The concept of gentrification comes to mind when thinking about zoning today. Many people don’t like it – why? With gentrification comes the idea that the figurative ‘white man’ is coming into neighborhoods and turning those neighborhoods into spaces that conform to the lifestyles of middle class and wealthy Americans. With this comes higher prices and the people who have established their lives in particular areas are forced to leave. Their homes become foreclosed and wages remain stagnant, thus furthering the divide.
People are stronger when they work together. In multiple U.S. towns, wealthier citizens have tried to create townships that exclude poorer people. This is not physical in the sense that someone comes in and sweeps another out of the way, but through fiscal zoning.

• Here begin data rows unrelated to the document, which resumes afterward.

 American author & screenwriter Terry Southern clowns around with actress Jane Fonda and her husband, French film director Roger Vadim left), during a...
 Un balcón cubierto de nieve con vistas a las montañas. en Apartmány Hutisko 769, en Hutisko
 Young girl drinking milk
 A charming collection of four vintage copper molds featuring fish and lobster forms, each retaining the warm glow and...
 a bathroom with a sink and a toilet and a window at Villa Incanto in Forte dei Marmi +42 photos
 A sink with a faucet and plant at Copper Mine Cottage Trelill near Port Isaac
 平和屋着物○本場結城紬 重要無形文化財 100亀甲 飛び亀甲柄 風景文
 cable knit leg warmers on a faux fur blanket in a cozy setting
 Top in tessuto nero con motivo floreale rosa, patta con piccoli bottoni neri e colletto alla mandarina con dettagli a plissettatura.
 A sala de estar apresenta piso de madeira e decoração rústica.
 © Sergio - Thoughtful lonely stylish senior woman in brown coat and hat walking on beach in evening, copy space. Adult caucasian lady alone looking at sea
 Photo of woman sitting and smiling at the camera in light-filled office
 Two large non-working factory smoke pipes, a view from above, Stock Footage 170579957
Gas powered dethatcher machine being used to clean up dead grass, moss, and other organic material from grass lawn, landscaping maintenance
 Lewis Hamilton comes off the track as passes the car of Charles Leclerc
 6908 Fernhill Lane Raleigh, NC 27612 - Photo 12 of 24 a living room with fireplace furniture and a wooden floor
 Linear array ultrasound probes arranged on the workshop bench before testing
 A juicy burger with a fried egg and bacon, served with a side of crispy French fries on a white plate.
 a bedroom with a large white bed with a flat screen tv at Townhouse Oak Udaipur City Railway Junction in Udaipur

In the case of Mount Laurel Township, in New Jersey during the 1980s, plans for redevelopment included making Mount Laurel more of a suburban area to attract higher tax rates. Many of the residents, most of them Black, were farm workers making much less than what it would cost to survive in the new Mount Laurel. They also would be unable to afford to move to another area.
The Supreme Court of New Jersey ruled that there must be affordable housing in the town, but the town officials fought against that, which gave rise to Mount Laurel II, which decided that regions must have a fair share of land and realistic housing opportunities for people.
What wealthy Americans don’t understand is that when there are ideal conditions, there are happy people. Crime rate is down, the economy is successful and people are satisfied overall. The Partnership for Strong Communities (PSC) has conducted research on homelessness in Connecticut and has determined that supportive housing is a permanent and cost-effective solution to ending long term homelessness.
We are stronger together – and once this is understood America can move in a direction that will benefit everyone and not just the people who can afford to push others out of a neighborhood. In the words of my Caribbean ancestors: “Crave all and get none at all.”